Supplied data:
-- Opening Marker --

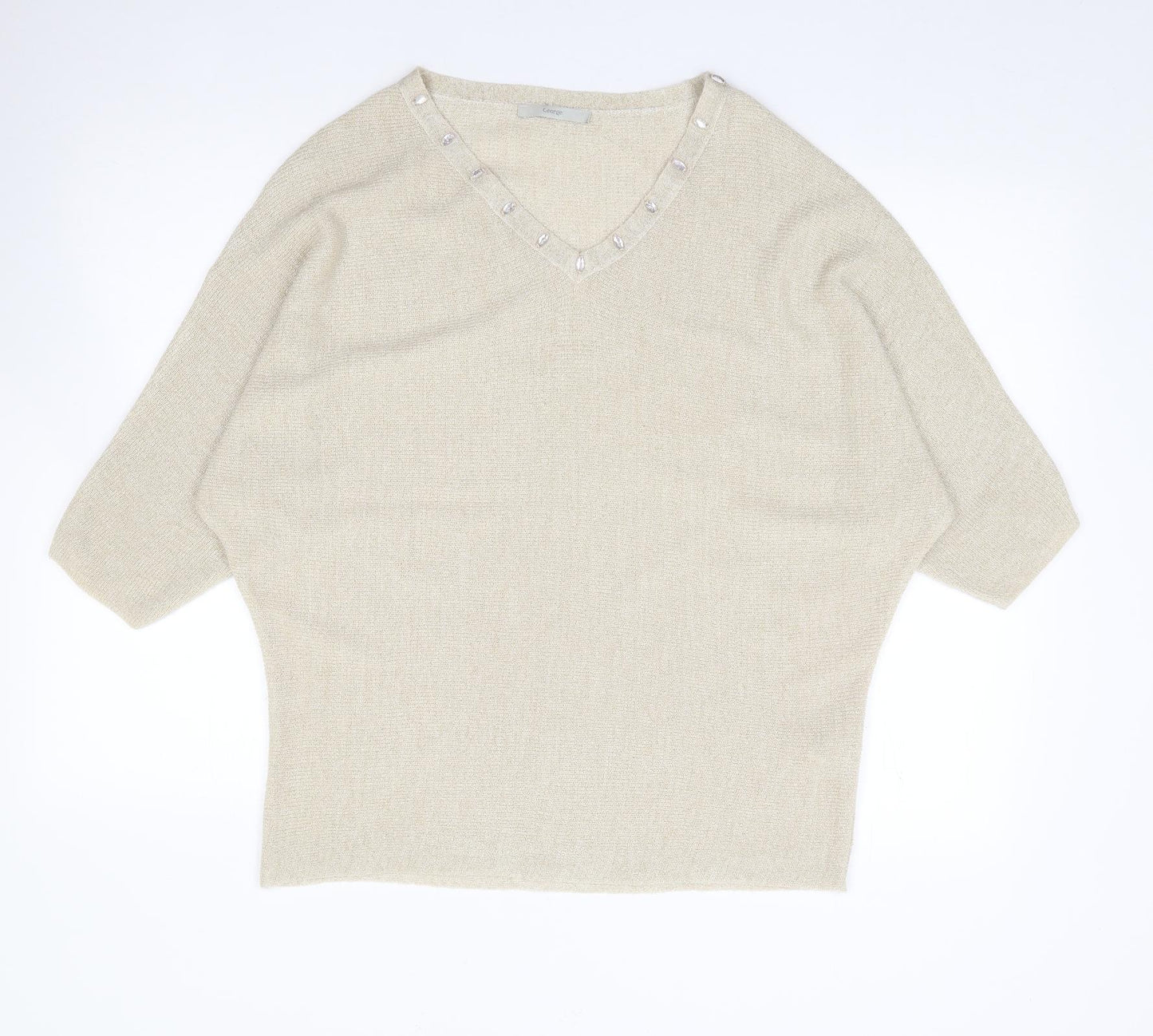 George Womens Gold  Acrylic Jersey T-Shirt Size S V-Neck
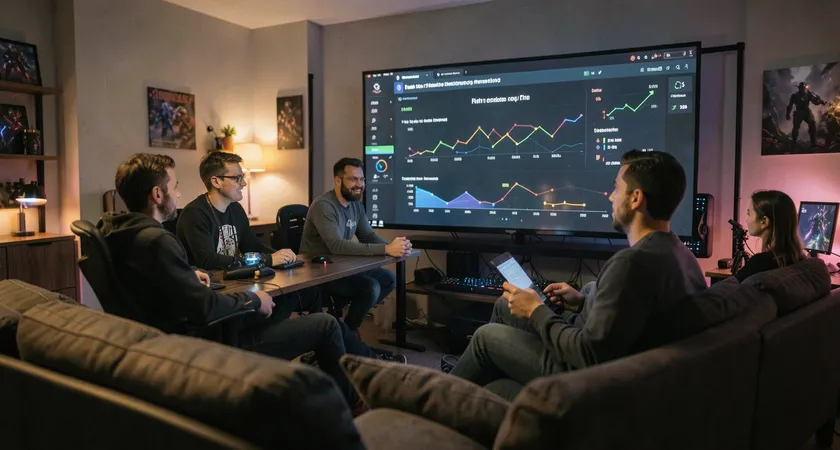 Contre-plongée sur un groupe de quatre joueurs discutant autour d'un grand écran TV affichant des graphiques et stats claires de leur dernière session Flex, ambiance chaleureuse d'un gaming house, lumière chaude, canapés, équipement périphérique visible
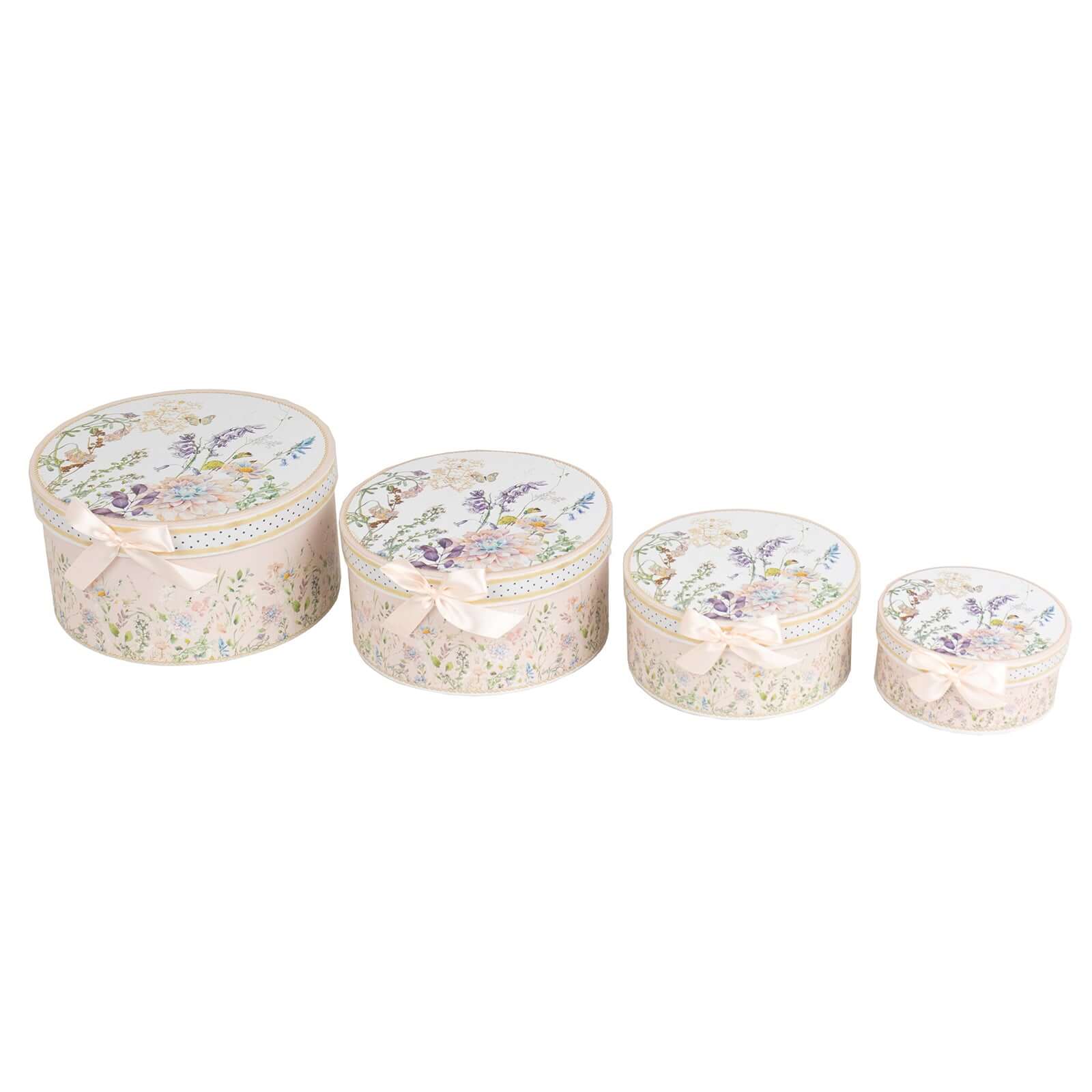Set of 4 Cardstock Round Nesting Gift Boxes Blush Floral Design - Decorative Heavy Duty Stackable Keepsake Boxes With Lids for Presents Storage & Pedestal Stand 5",7",8",9" - Bell Racket Store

-- Closing Marker --

Write out every line above exactly, minus images.

Answer to this exercise:
 George Womens Gold  Acrylic Jersey T-Shirt Size S V-Neck
 Contre-plongée sur un groupe de quatre joueurs discutant autour d'un grand écran TV affichant des graphiques et stats claires de leur dernière session Flex, ambiance chaleureuse d'un gaming house, lumière chaude, canapés, équipement périphérique visible
Set of 4 Cardstock Round Nesting Gift Boxes Blush Floral Design - Decorative Heavy Duty Stackable Keepsake Boxes With Lids for Presents Storage & Pedestal Stand 5",7",8",9" - Bell Racket Store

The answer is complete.